Your assignment: Nothing but the lines below from the one with "And pause again." through the one with "Welcome to today's" should be output, each exactly as given, and no pictures.

Supplied material:
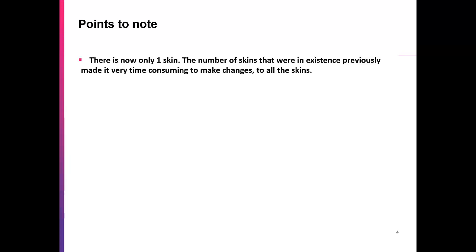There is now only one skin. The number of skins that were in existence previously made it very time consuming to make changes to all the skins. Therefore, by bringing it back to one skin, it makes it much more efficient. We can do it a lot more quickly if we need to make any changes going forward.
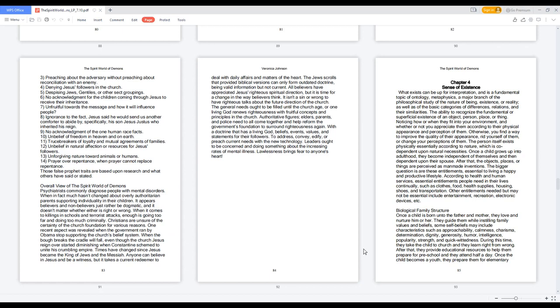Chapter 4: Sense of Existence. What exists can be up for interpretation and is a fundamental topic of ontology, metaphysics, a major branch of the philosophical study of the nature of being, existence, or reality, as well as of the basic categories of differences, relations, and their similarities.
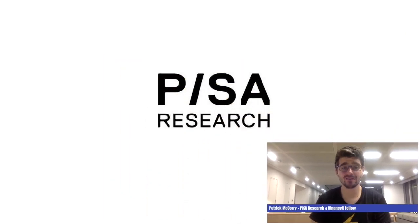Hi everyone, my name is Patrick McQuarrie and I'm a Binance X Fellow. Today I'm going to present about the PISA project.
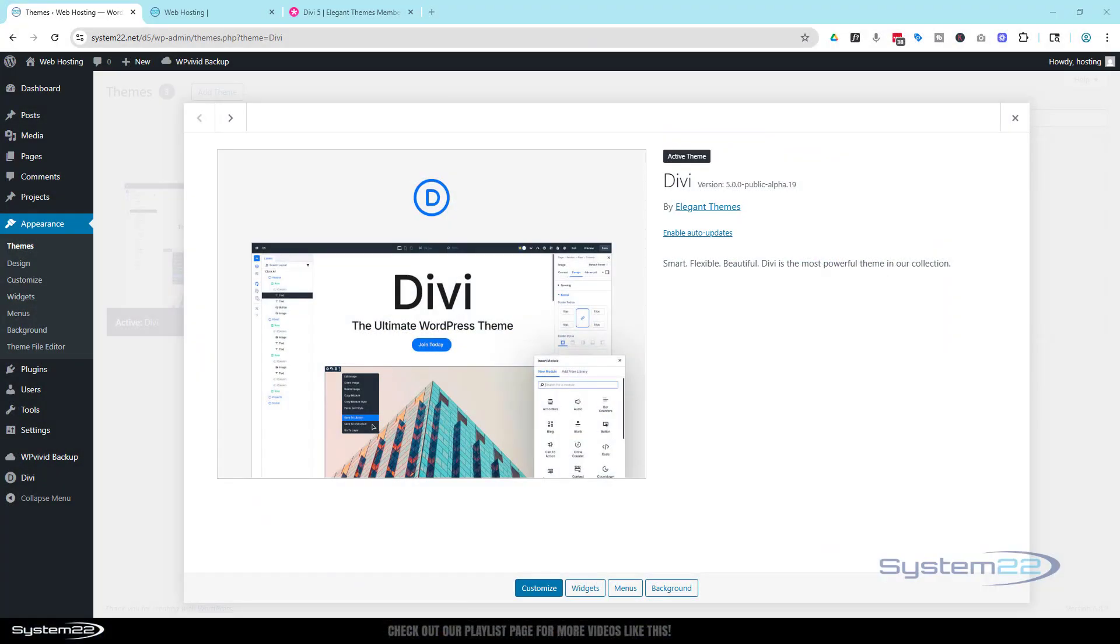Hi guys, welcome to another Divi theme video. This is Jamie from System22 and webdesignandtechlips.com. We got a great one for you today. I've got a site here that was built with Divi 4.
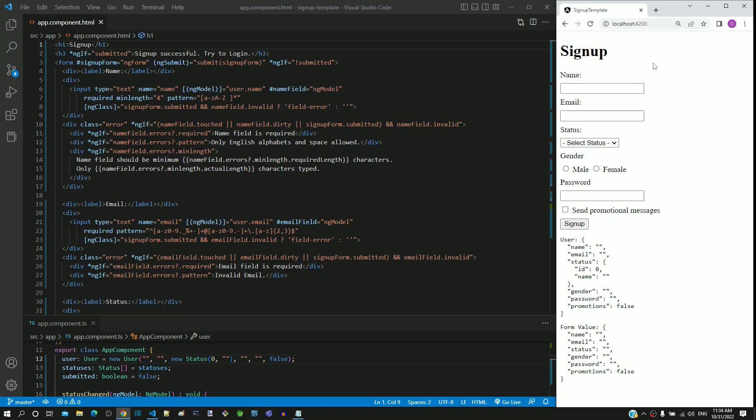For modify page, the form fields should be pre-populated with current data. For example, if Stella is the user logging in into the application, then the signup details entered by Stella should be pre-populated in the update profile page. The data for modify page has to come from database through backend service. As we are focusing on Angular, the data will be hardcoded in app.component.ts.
--
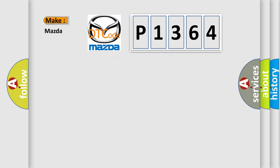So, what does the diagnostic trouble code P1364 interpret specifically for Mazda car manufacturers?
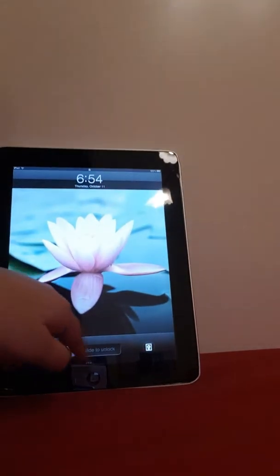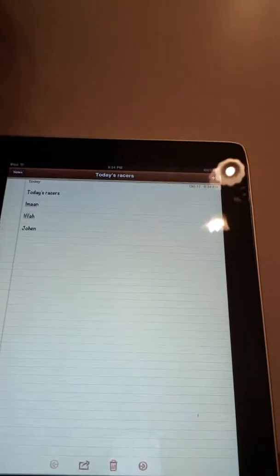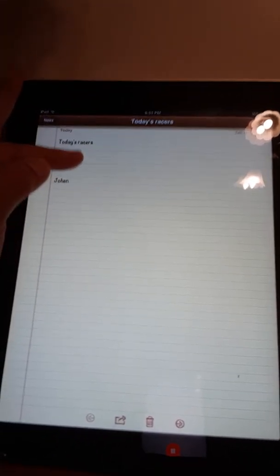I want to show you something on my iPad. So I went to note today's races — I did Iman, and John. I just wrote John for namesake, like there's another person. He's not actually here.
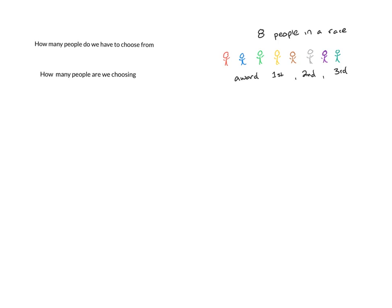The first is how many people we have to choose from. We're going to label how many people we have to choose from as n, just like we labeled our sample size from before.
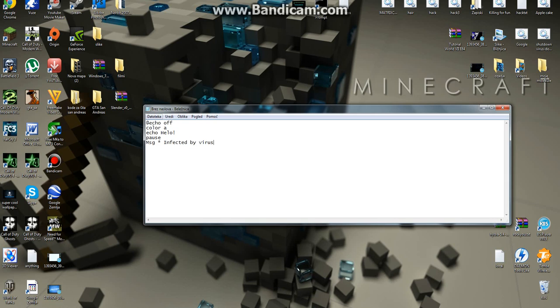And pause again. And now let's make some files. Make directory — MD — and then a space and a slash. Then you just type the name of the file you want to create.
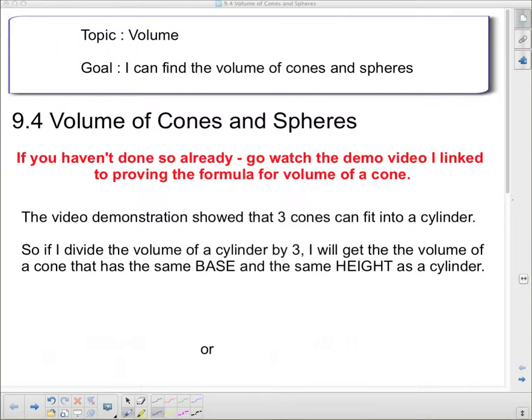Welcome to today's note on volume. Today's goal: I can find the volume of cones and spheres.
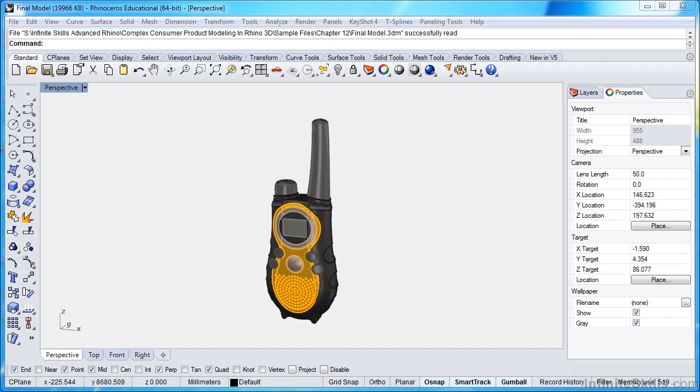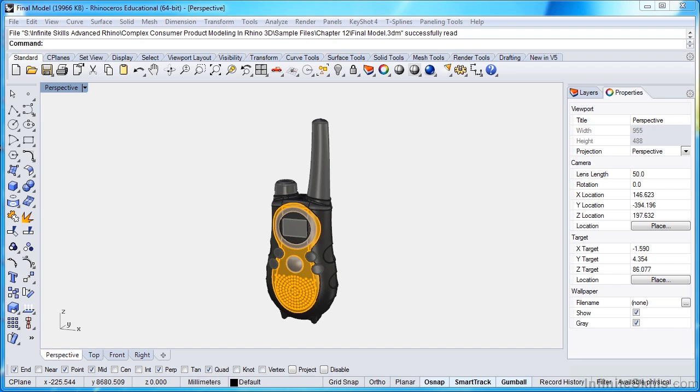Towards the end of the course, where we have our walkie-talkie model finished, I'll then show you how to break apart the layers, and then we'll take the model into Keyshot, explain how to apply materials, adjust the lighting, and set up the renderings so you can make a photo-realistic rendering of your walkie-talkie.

Your solution:
And pause again. And now let's make some files. Make directory — MD — and then a space and a slash. Then you just type the name of the file you want to create.
Welcome to today's note on volume. Today's goal: I can find the volume of cones and spheres.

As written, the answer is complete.